So the aforementioned website glitch is solved, and Praxeology.net (along with the Molinari and ALL pages) is back up.
As Aabaco (may they be damned to the lowest circle of hell for all eternity) requested, I downloaded my files through FileZilla and scanned them for malware, but detected none; and their tech “support” line (after hours on hold listening to their horrible music loop) couldn’t tell me which files were infected.
However, since the most likely website vulnerability is WordPress files, and I haven’t used WordPress on that site since Brandon rescued my blog from Yahoo (may they also be damned to the lowest circle of hell for all eternity) back in 2008, I just deleted all the WordPress files, and that did the trick. Website’s back!
At the same time that I’ve been having this website problem, I’ve also been having another, unrelated problem, this one with the Alabama Philosophical Society website, AlPhilSoc.org. Here again the culprit is Aabaco (may they be damned to the lowest circle of hell for all eternity). Y’see, Yahoo (may they be damned to the lowest circle of hell for all eternity) recently transferred all its websites to its newly extruded appendage Aabaco (may they be damned to the lowest circle of hell for all eternity), also apparently known as Luminate (likewise damned). So I had to create a new account with Aabaco (may they be damned to the lowest circle of hell for all eternity) for AlPhilSoc.org.
Now when I first created AlPhilSoc.org (or GeoCities.com/AlPhilSoc, as it was then) back in 2000, for some reason I gave an address at cyberspace.org as my contact email. That was a very old email account of mine – in fact it was the first email account I ever had, from 1994. In any case, I soon changed my contact email to my current address, and I had no reason to think cyberspace.org was still associated with my account.
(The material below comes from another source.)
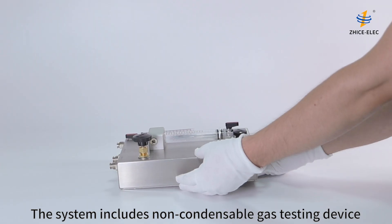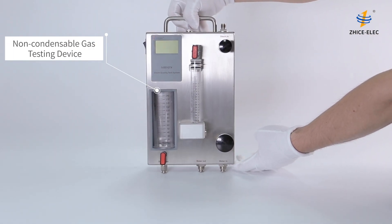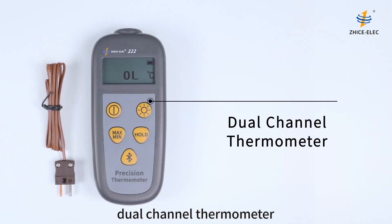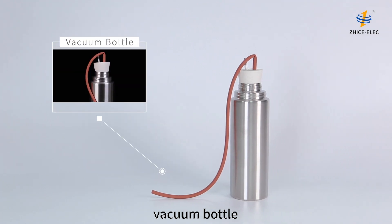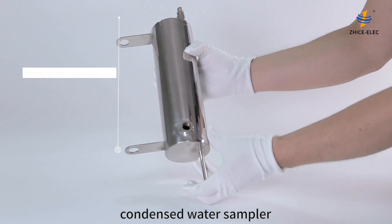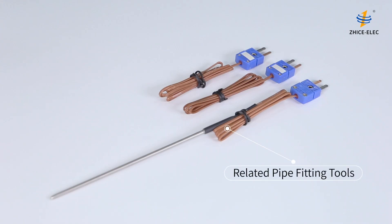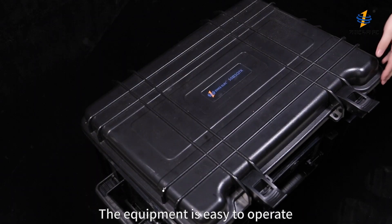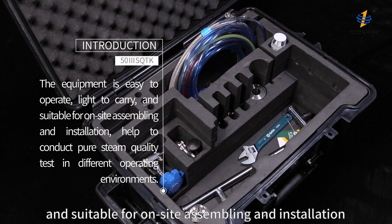The system includes a non-condensable gas testing device, dual-channel thermometer, electronic balance, vacuum bottle, pitot tube, condensed water sampler, and related pipe fitting tools. The equipment is easy to operate, light to carry, and suitable for on-site assembly and installation.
All the AlPhilSoc announcements came to my current address, and when I looked in my account info online, the only email contact listed was my current address.
But when I went to update the AlPhilSoc account with Aabaco (may they be damned to the lowest circle of hell for all eternity), for some reason their system was convinced that the one and only contact email for me was the one at cyberspace.org, and that was the only address they would send their verification notice to – even though Yahoo (may they be damned to the lowest circle of hell for all eternity) still listed the right address in the part of my AlPhilSoc account still hosted with them. Since I no longer had access to my cyberspace.org account – it had long ago been deleted – this meant that there was no way to access the AlPhilSoc site to update it. The tech “support” line for Aabaco (may they be damned to the lowest circle of hell for all eternity) told me there was nothing they could do.
Happily, I found a solution. Although my cyberspace.org account was gone, luckily no one had created a new account with the same username. So I created a new cyberspace.org account (not easily – cyberspace.org doesn’t support webmail, so I had to wrestle with SSL and IMAP and PuTTY, which I know from nuthin), chose my old username, and prompted Aabaco (may they be damned to the lowest circle of hell for all eternity) to send their verification email once more to the cyberspace.org address. This time I could answer and respond to it, and so I have access to AlPhilSoc.org once more. I’ve just updated it with info about the next APS meeting; see my next post.
Apparently I’m not the only one that has been having these problems with Aabaco (may they be damned to the lowest circle of hell for all eternity); see, e.g., here and here.
Back in 2008 your WP files were infected with malware, but that was because Yahoo was dragging its feet on keeping the WP core they were using updated to the latest WP upstream release (the opposite of WP’s recommendations on updating). IIRC, they were actually something like a year behind the stable upstream version. If you’re going to do that, you’ve got to backport security fixes from upstream to your version, which Yahoo wasn’t doing. That means all their WP sites were vulnerable to many months of known security exploits.
I should have told you to deleted those old files, but I thought they were no longer being served.